Mögliche Einstellungen an der s2.exe:
Per Rechtsklick auf die Datei s2.exe kann man weitere Einstellungen vornehmen:

In der Kategorie 'Sonstiges':

"Bildschirmschoner zulassen" deaktivieren 
"Exklusiver Modus" für die Maus aktivieren 
"Immer aussetzen" für den Hintergrund aktivieren 
In der Kategorie 'Kompatibilität':
"Programm im Kompabilitätsmodus ausführen für" aktivieren 
Kompabilitätsmodus Windows 95 auswählen 
Anzeigeeinstellungen "Mit 256 Farben ausführen" aktivieren 
"Bildschirmauflösung 640x480" aktivieren 
In der Kategorie 'Bildschirm': 
Vollbild aktivieren 

Gerüchteweise hat Siedler 2 unter der OEM oder Recoveryversion nicht funktioniert, bei der normalen Version (XP Home / XP Professional) funktioniert es meist fehlerlos.

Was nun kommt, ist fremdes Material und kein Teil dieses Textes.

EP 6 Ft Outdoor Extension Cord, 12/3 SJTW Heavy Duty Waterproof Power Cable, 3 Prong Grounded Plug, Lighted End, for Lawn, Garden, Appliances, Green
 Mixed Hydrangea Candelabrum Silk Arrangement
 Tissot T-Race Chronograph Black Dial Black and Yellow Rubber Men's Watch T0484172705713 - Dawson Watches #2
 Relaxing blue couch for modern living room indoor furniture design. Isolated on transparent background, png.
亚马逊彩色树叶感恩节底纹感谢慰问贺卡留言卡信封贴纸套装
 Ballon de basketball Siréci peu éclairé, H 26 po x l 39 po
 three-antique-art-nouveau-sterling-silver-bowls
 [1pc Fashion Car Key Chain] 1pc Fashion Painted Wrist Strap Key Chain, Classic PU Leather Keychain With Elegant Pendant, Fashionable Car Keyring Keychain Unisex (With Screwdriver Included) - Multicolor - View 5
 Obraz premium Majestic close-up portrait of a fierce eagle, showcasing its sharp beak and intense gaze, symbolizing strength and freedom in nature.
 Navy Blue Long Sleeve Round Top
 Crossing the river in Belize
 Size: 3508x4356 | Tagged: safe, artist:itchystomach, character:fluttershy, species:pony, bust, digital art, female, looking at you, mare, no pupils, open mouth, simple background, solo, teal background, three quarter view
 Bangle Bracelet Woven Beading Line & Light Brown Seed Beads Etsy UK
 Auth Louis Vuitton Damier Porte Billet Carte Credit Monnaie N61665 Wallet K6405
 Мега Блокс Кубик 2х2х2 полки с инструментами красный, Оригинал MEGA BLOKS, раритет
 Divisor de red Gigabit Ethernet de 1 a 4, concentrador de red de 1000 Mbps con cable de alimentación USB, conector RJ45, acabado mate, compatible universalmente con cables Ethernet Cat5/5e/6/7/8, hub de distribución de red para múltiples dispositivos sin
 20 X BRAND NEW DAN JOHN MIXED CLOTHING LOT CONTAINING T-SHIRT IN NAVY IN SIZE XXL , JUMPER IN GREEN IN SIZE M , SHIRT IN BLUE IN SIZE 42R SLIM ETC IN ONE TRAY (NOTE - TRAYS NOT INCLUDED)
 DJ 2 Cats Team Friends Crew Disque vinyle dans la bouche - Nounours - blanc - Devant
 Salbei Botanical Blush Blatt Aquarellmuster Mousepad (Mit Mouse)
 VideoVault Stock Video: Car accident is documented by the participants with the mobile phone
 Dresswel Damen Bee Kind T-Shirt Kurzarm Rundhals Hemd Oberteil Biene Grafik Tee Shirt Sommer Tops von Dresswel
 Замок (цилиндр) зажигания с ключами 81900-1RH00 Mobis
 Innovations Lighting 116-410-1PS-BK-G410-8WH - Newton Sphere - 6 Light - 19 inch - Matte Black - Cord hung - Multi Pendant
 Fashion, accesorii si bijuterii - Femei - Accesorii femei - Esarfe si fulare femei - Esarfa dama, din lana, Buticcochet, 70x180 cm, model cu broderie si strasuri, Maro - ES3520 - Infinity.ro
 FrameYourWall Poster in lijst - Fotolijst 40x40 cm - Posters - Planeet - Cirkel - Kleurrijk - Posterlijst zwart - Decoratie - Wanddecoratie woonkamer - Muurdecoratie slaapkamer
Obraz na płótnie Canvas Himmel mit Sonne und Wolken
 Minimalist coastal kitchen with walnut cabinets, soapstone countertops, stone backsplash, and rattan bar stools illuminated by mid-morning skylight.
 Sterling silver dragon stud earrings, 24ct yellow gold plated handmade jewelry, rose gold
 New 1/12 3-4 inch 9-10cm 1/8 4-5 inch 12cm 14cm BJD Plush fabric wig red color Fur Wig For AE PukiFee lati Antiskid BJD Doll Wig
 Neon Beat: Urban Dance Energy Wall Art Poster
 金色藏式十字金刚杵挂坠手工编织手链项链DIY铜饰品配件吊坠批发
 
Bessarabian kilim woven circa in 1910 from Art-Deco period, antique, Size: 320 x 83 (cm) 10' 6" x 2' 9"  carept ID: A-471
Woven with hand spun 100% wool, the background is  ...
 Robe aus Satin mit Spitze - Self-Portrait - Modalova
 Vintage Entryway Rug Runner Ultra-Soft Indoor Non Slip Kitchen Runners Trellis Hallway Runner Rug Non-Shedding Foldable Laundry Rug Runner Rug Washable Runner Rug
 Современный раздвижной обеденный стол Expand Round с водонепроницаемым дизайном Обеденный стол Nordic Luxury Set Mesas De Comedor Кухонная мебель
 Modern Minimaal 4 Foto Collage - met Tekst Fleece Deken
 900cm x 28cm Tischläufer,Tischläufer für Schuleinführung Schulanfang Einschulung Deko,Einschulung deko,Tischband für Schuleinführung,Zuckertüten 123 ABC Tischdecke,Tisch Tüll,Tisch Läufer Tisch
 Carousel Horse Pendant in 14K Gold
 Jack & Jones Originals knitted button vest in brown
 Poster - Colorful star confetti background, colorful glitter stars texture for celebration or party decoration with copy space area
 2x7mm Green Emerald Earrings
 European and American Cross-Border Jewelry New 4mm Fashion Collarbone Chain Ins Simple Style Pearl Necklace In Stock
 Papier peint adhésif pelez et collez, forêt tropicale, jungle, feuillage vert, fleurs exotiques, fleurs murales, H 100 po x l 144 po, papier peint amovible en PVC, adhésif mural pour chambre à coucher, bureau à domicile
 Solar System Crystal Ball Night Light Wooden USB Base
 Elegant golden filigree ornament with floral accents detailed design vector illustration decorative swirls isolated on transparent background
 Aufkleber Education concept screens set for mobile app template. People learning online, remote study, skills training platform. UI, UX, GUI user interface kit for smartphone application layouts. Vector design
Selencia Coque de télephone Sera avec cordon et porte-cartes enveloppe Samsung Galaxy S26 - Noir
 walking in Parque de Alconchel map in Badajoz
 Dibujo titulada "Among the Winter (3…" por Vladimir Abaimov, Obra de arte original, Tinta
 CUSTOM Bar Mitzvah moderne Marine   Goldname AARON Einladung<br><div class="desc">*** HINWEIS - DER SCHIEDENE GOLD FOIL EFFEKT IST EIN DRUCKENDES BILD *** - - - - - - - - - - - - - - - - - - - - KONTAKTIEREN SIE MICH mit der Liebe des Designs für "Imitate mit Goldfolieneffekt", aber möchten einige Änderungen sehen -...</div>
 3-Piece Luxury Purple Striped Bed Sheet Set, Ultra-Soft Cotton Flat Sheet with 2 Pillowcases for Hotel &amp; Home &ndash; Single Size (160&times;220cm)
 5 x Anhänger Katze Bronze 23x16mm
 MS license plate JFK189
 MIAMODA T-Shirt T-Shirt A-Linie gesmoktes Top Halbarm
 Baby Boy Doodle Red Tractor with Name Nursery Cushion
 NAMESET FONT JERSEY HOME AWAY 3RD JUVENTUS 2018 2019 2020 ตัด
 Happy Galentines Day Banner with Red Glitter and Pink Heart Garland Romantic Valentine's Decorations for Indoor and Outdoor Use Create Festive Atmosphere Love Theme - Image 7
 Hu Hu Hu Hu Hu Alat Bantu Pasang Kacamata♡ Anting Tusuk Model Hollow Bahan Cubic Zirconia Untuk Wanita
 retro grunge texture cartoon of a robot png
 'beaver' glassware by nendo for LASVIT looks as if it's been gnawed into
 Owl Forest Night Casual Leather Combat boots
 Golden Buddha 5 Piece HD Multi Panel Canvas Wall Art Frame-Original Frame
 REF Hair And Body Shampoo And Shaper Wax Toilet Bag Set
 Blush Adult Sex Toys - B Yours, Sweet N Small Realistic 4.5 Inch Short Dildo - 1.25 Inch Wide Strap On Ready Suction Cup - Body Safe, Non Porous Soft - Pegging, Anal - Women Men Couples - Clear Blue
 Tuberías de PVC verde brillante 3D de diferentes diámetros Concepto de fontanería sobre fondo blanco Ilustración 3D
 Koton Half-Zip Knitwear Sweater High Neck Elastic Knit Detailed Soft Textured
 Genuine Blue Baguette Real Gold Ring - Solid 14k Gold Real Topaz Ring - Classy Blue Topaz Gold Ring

Allerdings tauchen immer wieder Meldungen auf, dass Siedler 2 trotz der Tipps nicht funktioniert.

Versuch außerdem mal die Herzfrequenz des Monitors auf 60Hz zu stellen, da ich weiß, dass S2 nur mit 60Hz lief.
Sonst weiß ich auch nix mehr!


----------



## ruyven_macaran (3. September 2009)

Hilft auch alles nichts. (im Gegenteil, jetzt stürzt es ohne Fehlermeldung ab)


----------